Because HL7 is an interoperability standard and not readily digestible by a casual clinical user, the first stage necessarily comprises a consultation between the DISCERN developer and the researcher to define functional requirements. The developer has an understanding of data provenance and is thus best suited to determine how HL7 streams may meet the user's needs. Users whose needs can be accommodated by a self-service retrospective query of the DSR may be directed to the DEDUCE portal. To use DISCERN, all users must have an active, institutional review board (IRB)-approved protocol explicitly stating that DISCERN is part of the recruitment strategy. DISCERN developers ensure that users are granted access only to data relevant to a study's explicit eligibility criteria.

Stage 2: Configuration of the DISCERN job

To reason over HL7 messages passed through the integration broker, we selected an open-source, modular tool that uses a widely available programming language. Mirth software (http://www.mirthcorp.com/ (WebReach)) is an open-source, standards-based solution for healthcare system interoperability that receives, interprets, processes, and sends healthcare information (such as HL7 messages) over a variety of protocols to support the exchange of health information.33 Mirth is packaged with a Java-based dashboard tool (Mirth Connect Administrator) that provides a graphical user interface (GUI). Within this dashboard, users may supply JavaScript to process HL7 messages exchanged by the integration broker.

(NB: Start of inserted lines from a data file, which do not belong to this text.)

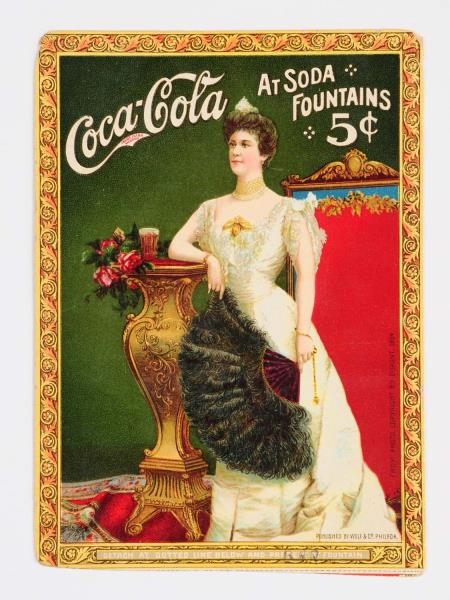 COCA-COLA ADVERTISING TRADE CARD BEAUTIFUL WOMAN. 
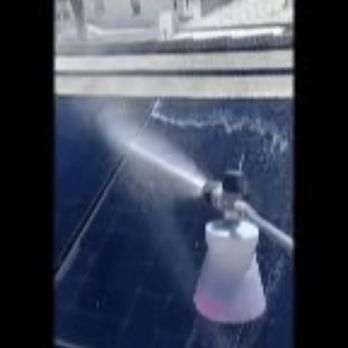 Supreme Solar Cleaning - Fontana - Cleaning in progress. I grabbed from a video he sent me :) - Solar Panel Cleaning Near Me
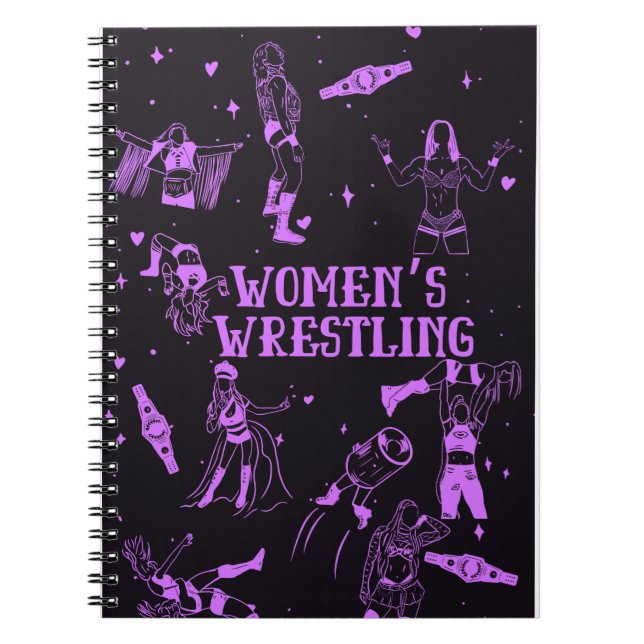 Women's Wrestling Fan Notebook Journal (Front)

A Mirth instance comprises a series of channels configurable within Mirth Connect Administrator. A channel is an interface that consists of a connector (ie, data source specification), one or more filters (instructions to sort incoming data and accept or reject), one or more transformers (instructions to modify accepted data), and one or more destination connectors (transmission of transformed data externally or to another channel).

To create a channel, the developer uses the Mirth Connect Administrator dashboard to perform three general steps (each of which is a distinct tab within the dashboard): (1) configuration of information acceptance, (2) configuration of information transmission, and (3) application of any instructions using a short, channel-associated JavaScript (eg, apply filters; call other code). In this context, ‘information’ may include HL7 messages, SQL queries, or other formats accessible through an ODBC interface. Mirth can also load a file of ‘test’ HL7 messages to be passed through the channel architecture in order to assess the fidelity of query processing for a project's objective. Outbound information can be sent to other channels or written to a database.

A DISCERN project can use multiple channels to accomplish objectives; contrariwise, a single channel can serve multiple projects. An unlimited number of channels can be created in Mirth, allowing developers to serve scenarios wherein required data points arrive via multiple HL7 messages. Mirth also permits storage of data in temporary tables or memory so that they can be reasoned over using additional information—either by way of HL7 messages or a separate query of another database (eg, a research subject registry). Figure 1 provides an overview of how DISCERN uses Mirth to process HL7 messages.

Figure 1.

Figure 1

Health Level 7 (HL7) message pathway through the Duke Integrated Subject Cohort and Enrollment Research Network (DISCERN) framework. All diamond elements represent Mirth channels in the DISCERN system. An HL7 message is created as part of patient care at a Duke Medicine facility and transmitted over Transmission Control Protocol/Internet Protocol from the integration broker and received by a Mirth reception channel. The message is stored for processing, and another Mirth channel performs a transformation, such as to XML format in this example. The converted message is then subject to any number of channels that perform study-specific tasks, such as transformation or filtering for specific lab result values. The execution of those channels for a particular DISCERN job is defined by a JavaScript created by the DISCERN developer. If a patient is identified as suiting the filter criteria, the result is stored in the data warehouse, and then a final Mirth channel is enacted that notifies the DISCERN user of a potential study candidate according to the method desired. DSR, Decision Support Repository.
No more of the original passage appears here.